Rhodes spoke to the Times as well and said he had retired the story from his act. He said he would not put Anderson in the same category as the sexual predators being exposed by the #MeToo movement and “asked that his story not circulate further,” according to the Times. He expressed sympathy and admiration for Anderson.
Anderson was more open about his family of origin. Born in St. Paul, Minn., in 1953, he grew up in a housing project with 10 siblings. His father was an abusive alcoholic, while his mother was a loving woman who kept the family going. Anderson wrote several memoirs about the family experience and often praised his mother while acknowledging her imperfections.
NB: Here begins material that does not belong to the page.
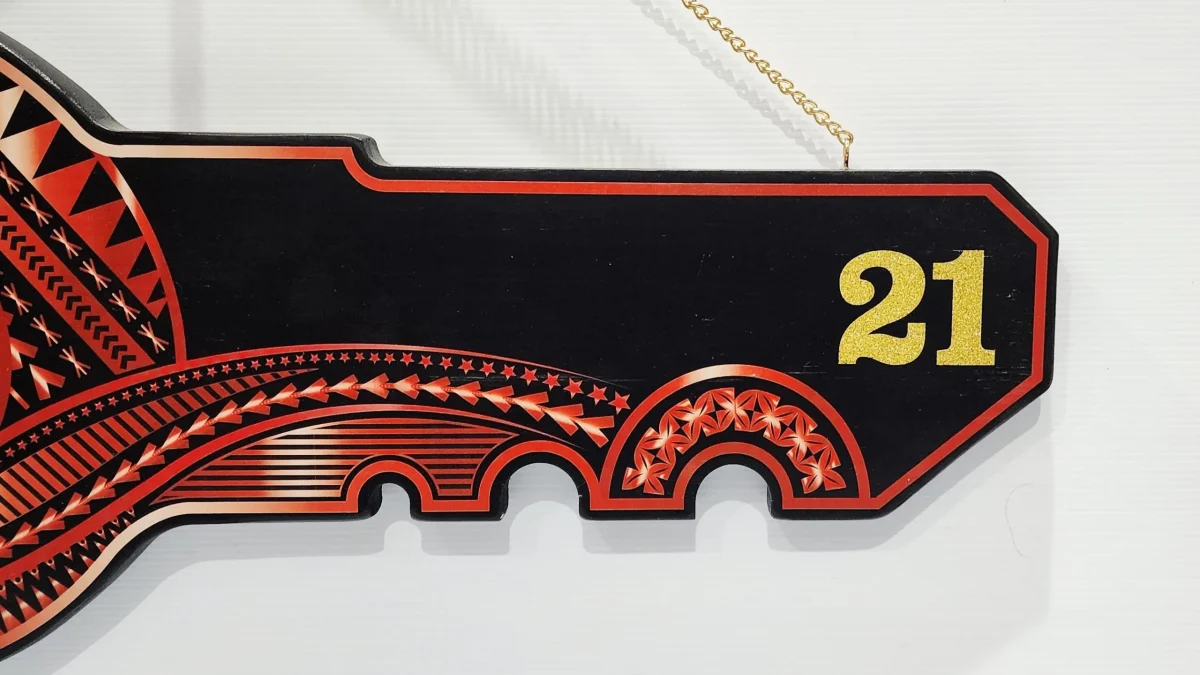 Island Design Red & White Theme Colour UV Printed Wooden Birthday Key with "21"  – SJ2248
When he won his 2016 Emmy for playing Christine Baskets, he said, “I haven’t always been a very good man, but I play one hell of a woman. This is for my mother, Ora Zella Anderson, who I stole every nuance, shameful look, cruel look, loving look [and] passive-aggressive line from.” She had died in 1990, but Anderson told the Los Angeles Times of his performance, “I’m pretty sure my mom orchestrated it from the great beyond.”
After graduating from high school, Anderson worked for several years as a youth counselor, but he began performing stand-up at Minnesota comedy clubs, making self-deprecating jokes about his family and his weight. He won the Midwest Comedy Competition in 1981, and that year’s host, veteran comic Henny Youngman, became his mentor.
He gained national fame after appearing on The Tonight Show in 1984. He became a fixture of comedy specials and won acting roles that included scene-stealing cameos in the 1988 Eddie Murphy movie Coming to America and its sequel. He appeared in other films and had many TV guest spots, and he supplied the voices of himself and his father in the 1990s animated series Life With Louie, which portrayed him as a child. He won two Daytime Emmys for the performance. He also hosted the syndicated game show Family Feud and starred in a short-lived 1996 sitcom, The Louie Show.
Of his comedy, he once told The San Diego Union-Tribune, “I try to say, ‘Hey, aren’t we all pathetic?’ I just put myself out there as the main pathetic person: ‘I can’t stop eating, but I have to because I’ve already eaten everything.’ I’m laying it out there.”
Survivors include two sisters, Lisa and Shanna Anderson.